Torsten Schupp (WGS) sagte: „Da drischt Herr Kleemann von den Grünen in den Haushaltsberatungen ein Jahr vorher 45 Minuten lang auf den Oberbürgermeister und die Verwaltung ein, als seien sie extrem unfähig, und verteilt wegen des Stellenplans eine Ohrfeige nach der anderen. Aber jetzt fordern die Grünen eine zusätzliche Stelle für einen Kulturbeauftragten.“ Schupp sagte weiter: „Hier soll eine Versorgungsstelle für einen abgehalfterten Grünen geschaffen werden. Dabei haben wir eine Kulturdezernentin, die gut bezahlt wird und die Aufgaben übernehmen könnte.“
Detlef Knopp (Grüne) sagte: „Es ist richtig, dass es in den Jahren zwischen 2016 und 2021 einen Aufwuchs von 340 Stellen gab und Ulrich Kleemann das im Vorjahr deutlich kritisiert hat.“ Aber darüber abzuleiten, dass wenn man ein Plus von 340 Stellen kritisiere, man dann keine Stelle mehr schaffen dürfe, würde bedeuten, dass keine Fraktion mehr eine neue Stelle beantragen könne. Zudem habe Kleemanns Kritik sicher dazu beigetragen, dass die Verwaltung für 2022 nur 3,9 neue Stellen geschaffen habe. Knopp weiter: „Der Kulturbereich ist unterbesetzt. Der Kulturlotse soll Ansprechpartner für Kulturschaffende sein.“
OB Langner wiederholte seine Argumentation aus dem Hufa und sagte an die Grünen gewandt: „Es ist schwierig, wenn man sich zunächst sehr massiv den Vorwurf gefallen lassen musste, dass Stellen nach Lust und Laune geschaffen würden. Sie haben die Messlatte damit sehr hoch gelegt.“ Die Verwaltung habe sich auch in den Vorjahren daran gehalten, keine unnötigen Stellen zu schaffen. Zudem stehe der freiwillige Leistungsbereich – und damit die Kultur – weiter im Fokus der Aufsichtsbehörde. Diese fordert für den Bereich eine Spardisziplin ein.
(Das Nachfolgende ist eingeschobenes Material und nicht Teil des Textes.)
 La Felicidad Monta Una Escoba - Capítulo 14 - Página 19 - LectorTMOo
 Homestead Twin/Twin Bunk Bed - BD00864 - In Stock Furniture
Christian Altmaier (FW) sagte: „Das Plus an Stellen bei Feuerwehr und Ordnungsamt ist im Vorjahr auch mit Zustimmung der Grünen beschlossen worden.“ Er hat die Hoffnung, dass die Aufsichtsbehörde diese neue halbe Stelle „sehr kritisch hinterfragt“.
Ulrich Kleemann (Grüne) sagte: „Ich kann die Kritik an meiner Vorgehensweise im Vorjahr nicht nachvollziehen. Ich habe damals eine intensive Aufarbeitung gemacht.“ Aufgabe des Stadtrats sei es, die Verwaltung auf Fehlentwicklungen hinzuweisen. SPD und Linke/Die Partei äußerten sich in der Debatte im Rat nicht, stimmten aber mit den Grünen erfolgreich gegen den Antrag, die neue halbe Stelle ersatzlos zu streichen.